REQUIRED WORK: Leave the pictures out and write out exactly the lines from the top of the entries through the line containing "Renault Korea XM3 1.6 GTe LE 2020 — фото 5".

DATA PROVIDED:
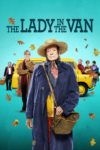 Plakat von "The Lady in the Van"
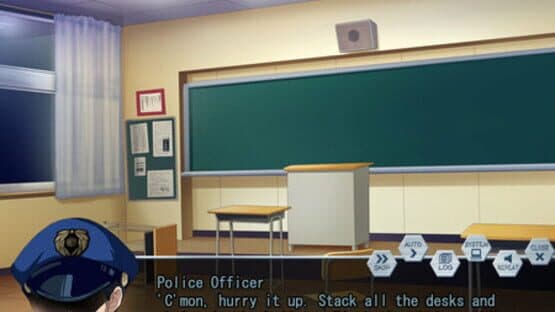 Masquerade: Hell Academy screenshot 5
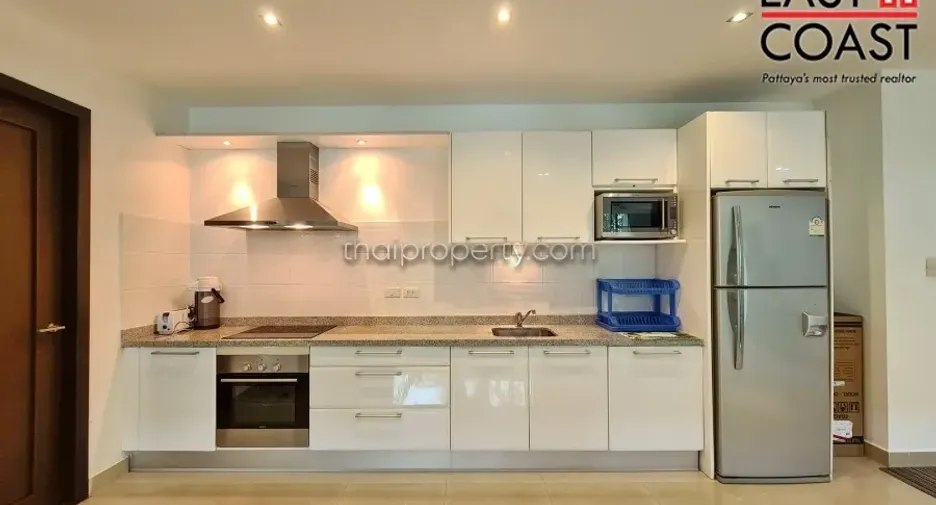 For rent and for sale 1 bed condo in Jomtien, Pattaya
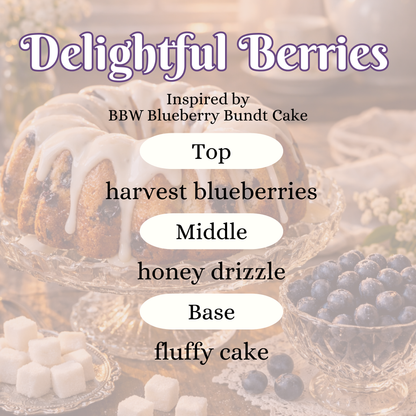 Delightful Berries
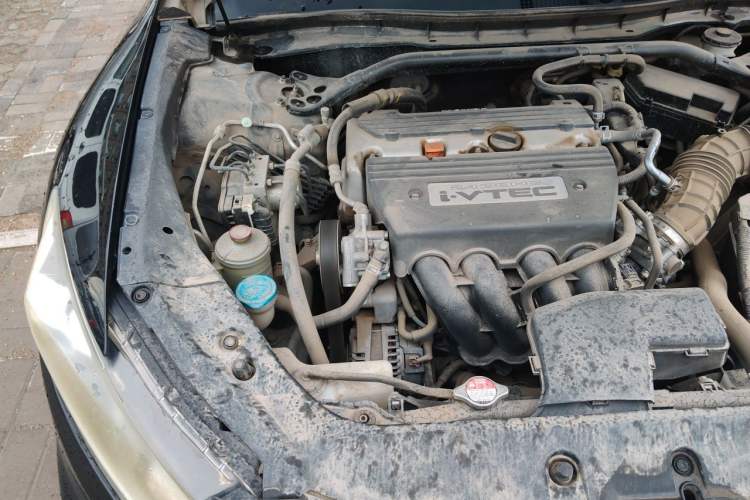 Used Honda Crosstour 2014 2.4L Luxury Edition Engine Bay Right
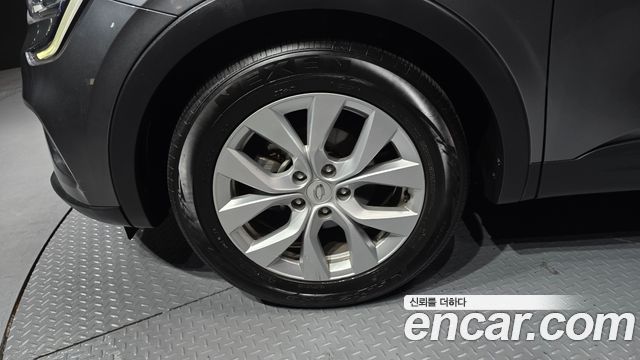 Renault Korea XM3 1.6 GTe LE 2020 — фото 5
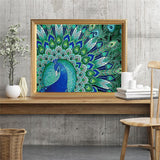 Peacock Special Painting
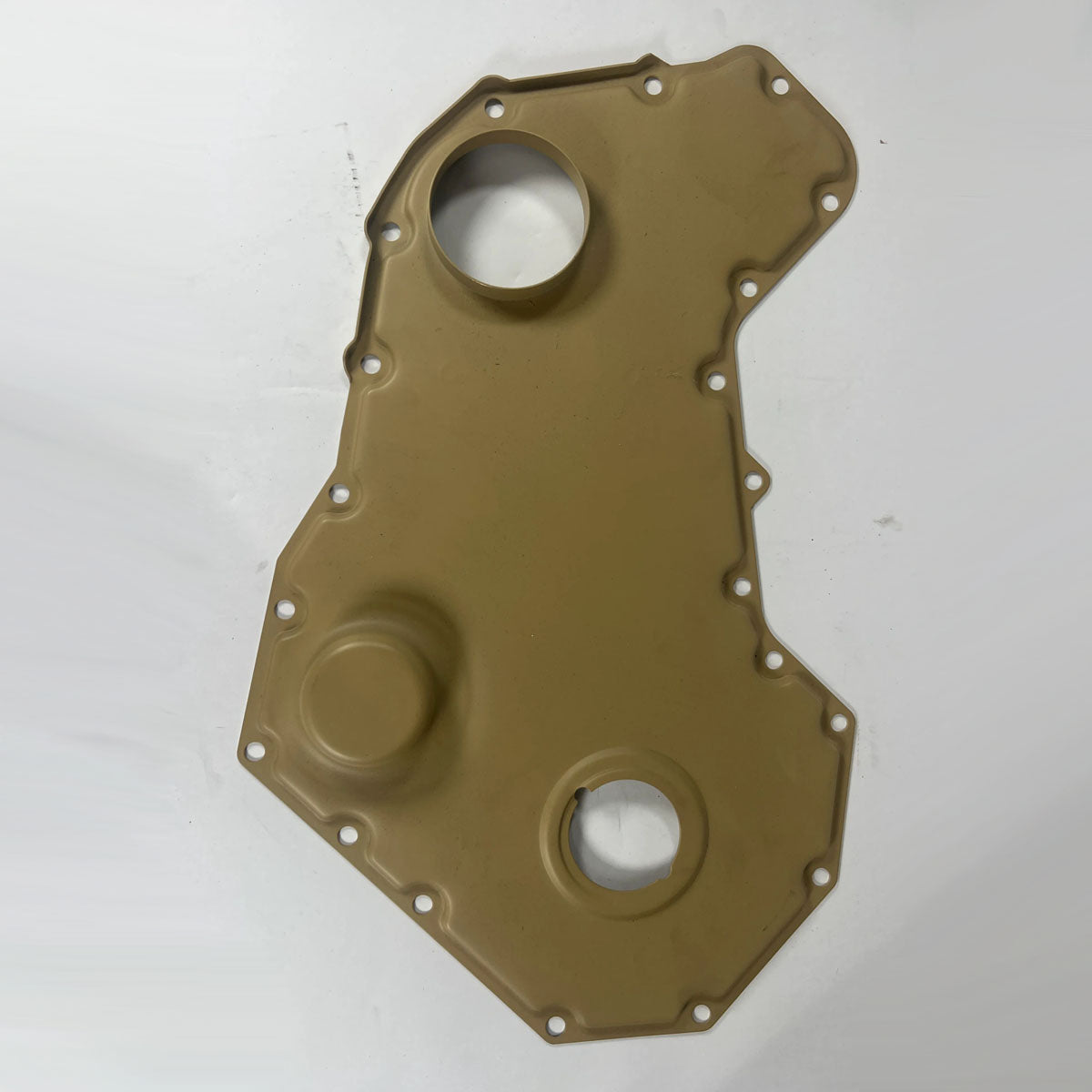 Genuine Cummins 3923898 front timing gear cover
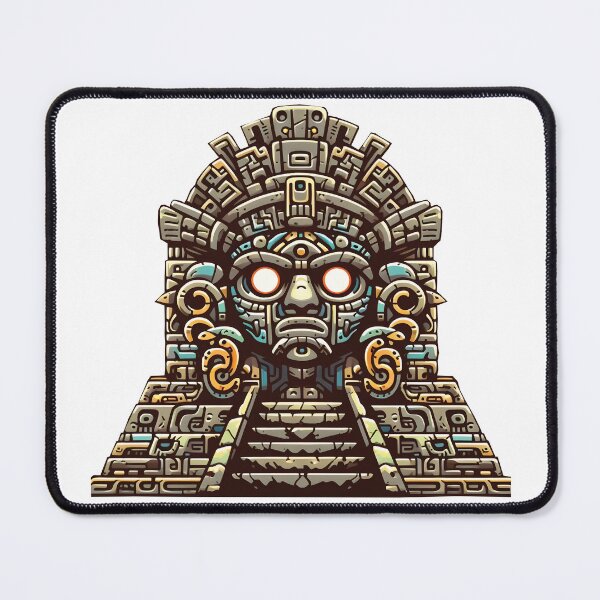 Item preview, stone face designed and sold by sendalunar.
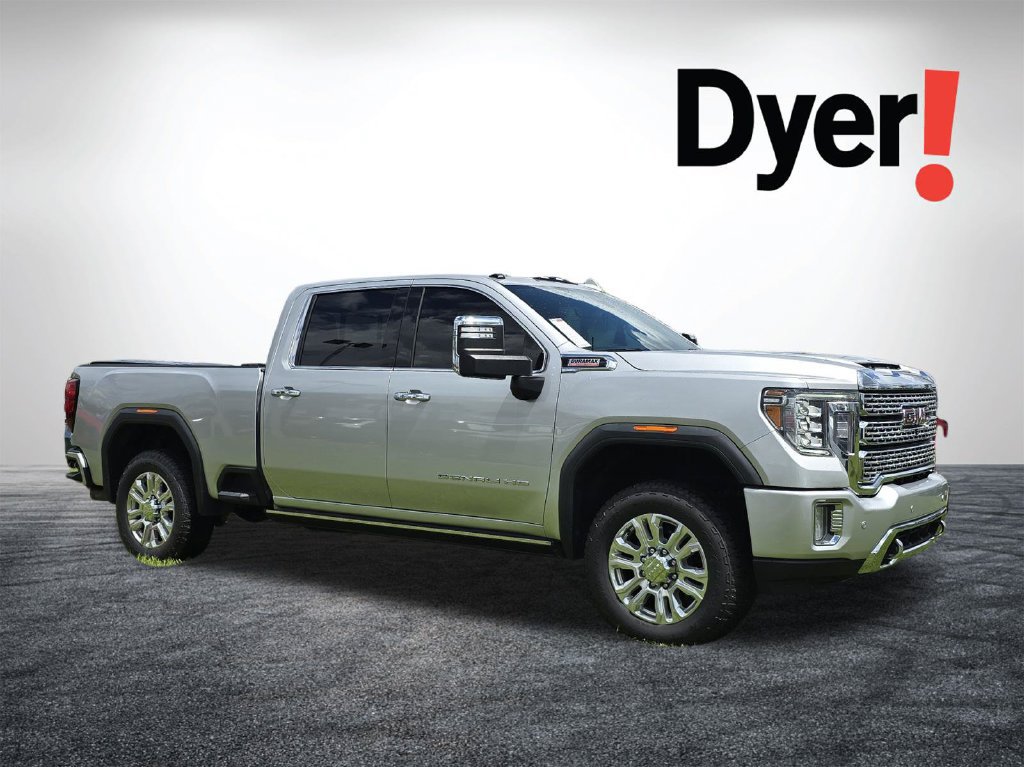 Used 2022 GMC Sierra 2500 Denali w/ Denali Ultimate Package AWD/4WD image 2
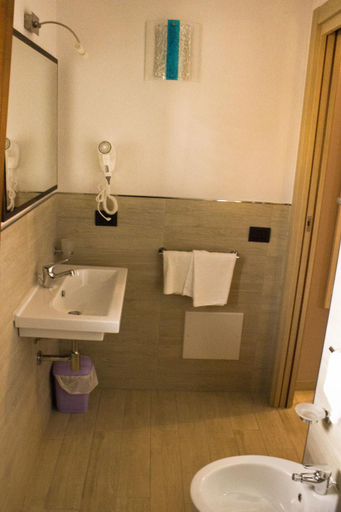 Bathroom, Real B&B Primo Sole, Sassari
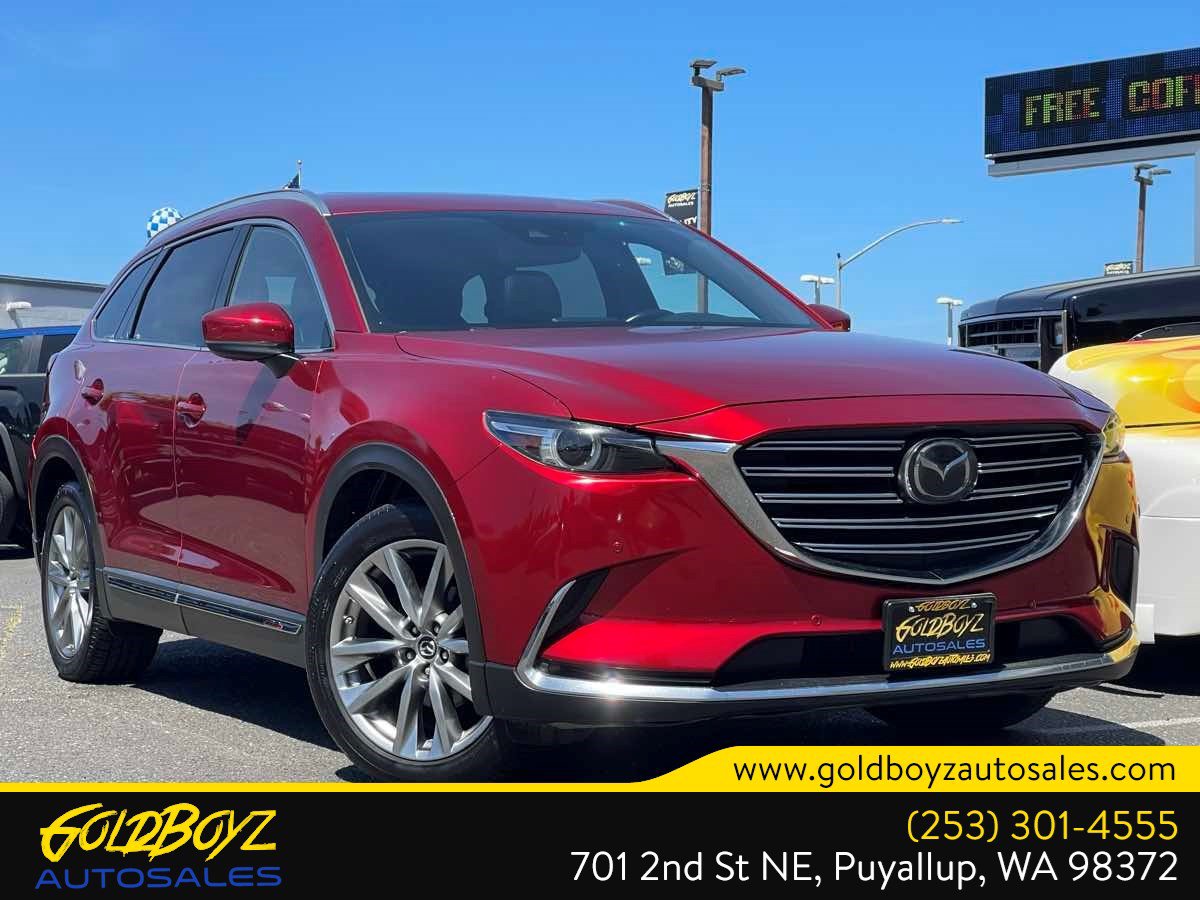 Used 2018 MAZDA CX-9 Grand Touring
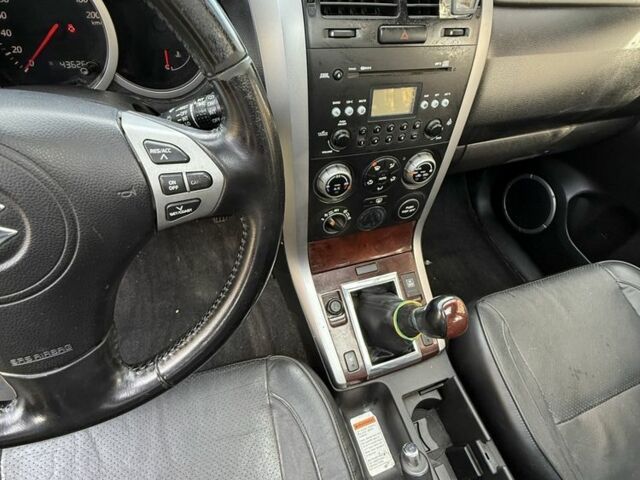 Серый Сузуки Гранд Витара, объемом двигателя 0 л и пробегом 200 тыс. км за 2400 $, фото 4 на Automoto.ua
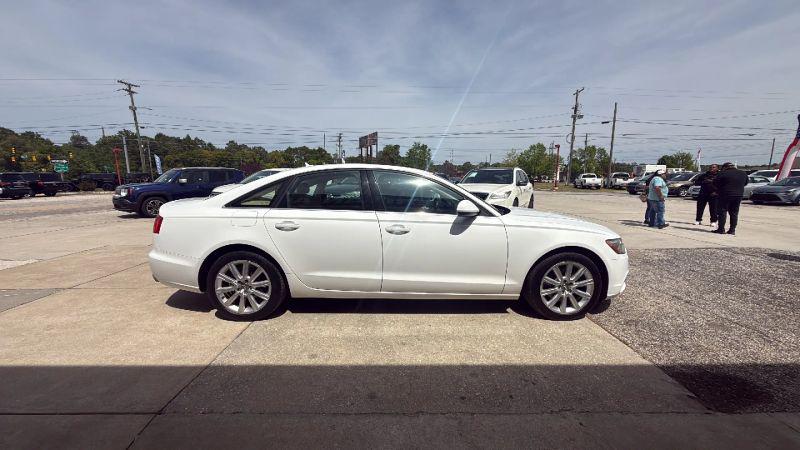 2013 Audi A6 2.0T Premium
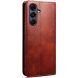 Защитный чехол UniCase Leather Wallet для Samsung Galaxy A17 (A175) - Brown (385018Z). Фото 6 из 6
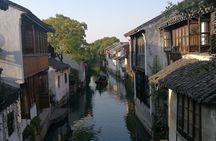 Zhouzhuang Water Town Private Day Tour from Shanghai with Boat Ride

RESPONSE BELOW:
 Plakat von "The Lady in the Van"
 Masquerade: Hell Academy screenshot 5
 For rent and for sale 1 bed condo in Jomtien, Pattaya
 Delightful Berries
 Used Honda Crosstour 2014 2.4L Luxury Edition Engine Bay Right
 Renault Korea XM3 1.6 GTe LE 2020 — фото 5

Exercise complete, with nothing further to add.